Activity: Copy out the data below from the line containing "Hey guys, it's" to the line containing "Hello and welcome", both lines included, with all images left out.

Task material:
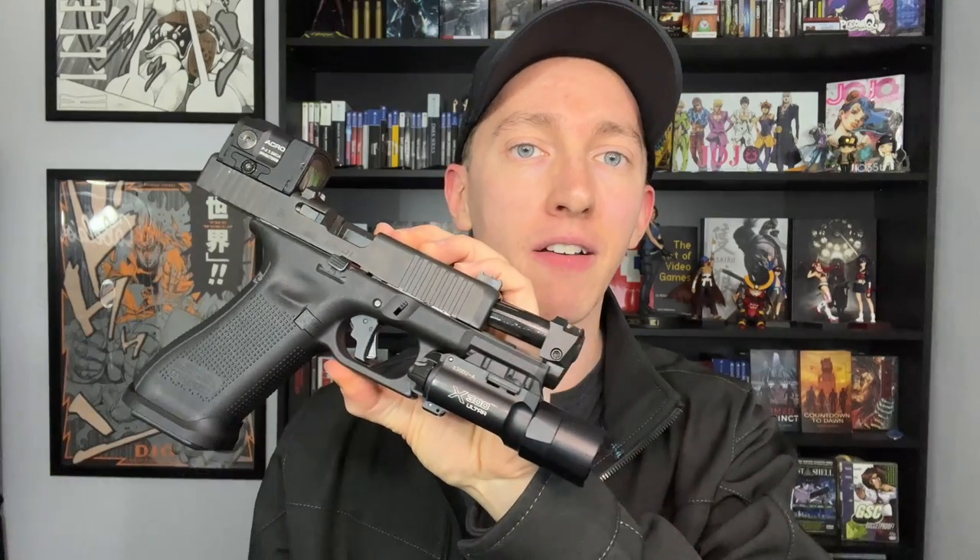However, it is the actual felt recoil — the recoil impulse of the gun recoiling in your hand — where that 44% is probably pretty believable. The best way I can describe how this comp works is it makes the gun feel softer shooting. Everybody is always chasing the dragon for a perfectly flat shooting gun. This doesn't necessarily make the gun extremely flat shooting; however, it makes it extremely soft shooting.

...

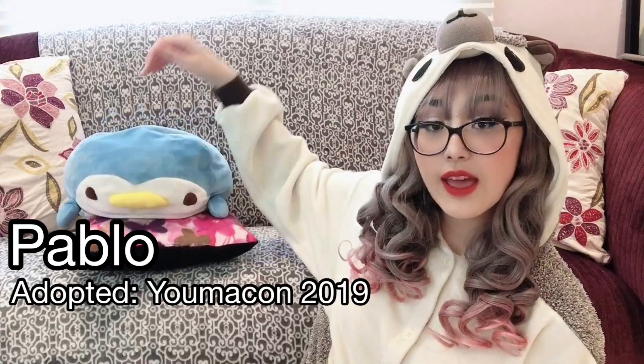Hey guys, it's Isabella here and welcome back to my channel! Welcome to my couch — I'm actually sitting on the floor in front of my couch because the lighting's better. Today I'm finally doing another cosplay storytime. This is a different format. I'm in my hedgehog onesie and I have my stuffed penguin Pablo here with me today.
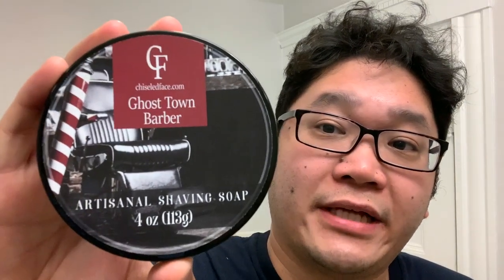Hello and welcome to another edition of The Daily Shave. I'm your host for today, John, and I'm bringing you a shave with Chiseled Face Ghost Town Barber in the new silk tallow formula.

Answer to the problem:
Hey guys, it's Isabella here and welcome back to my channel! Welcome to my couch — I'm actually sitting on the floor in front of my couch because the lighting's better. Today I'm finally doing another cosplay storytime. This is a different format. I'm in my hedgehog onesie and I have my stuffed penguin Pablo here with me today.
Hello and welcome to another edition of The Daily Shave. I'm your host for today, John, and I'm bringing you a shave with Chiseled Face Ghost Town Barber in the new silk tallow formula.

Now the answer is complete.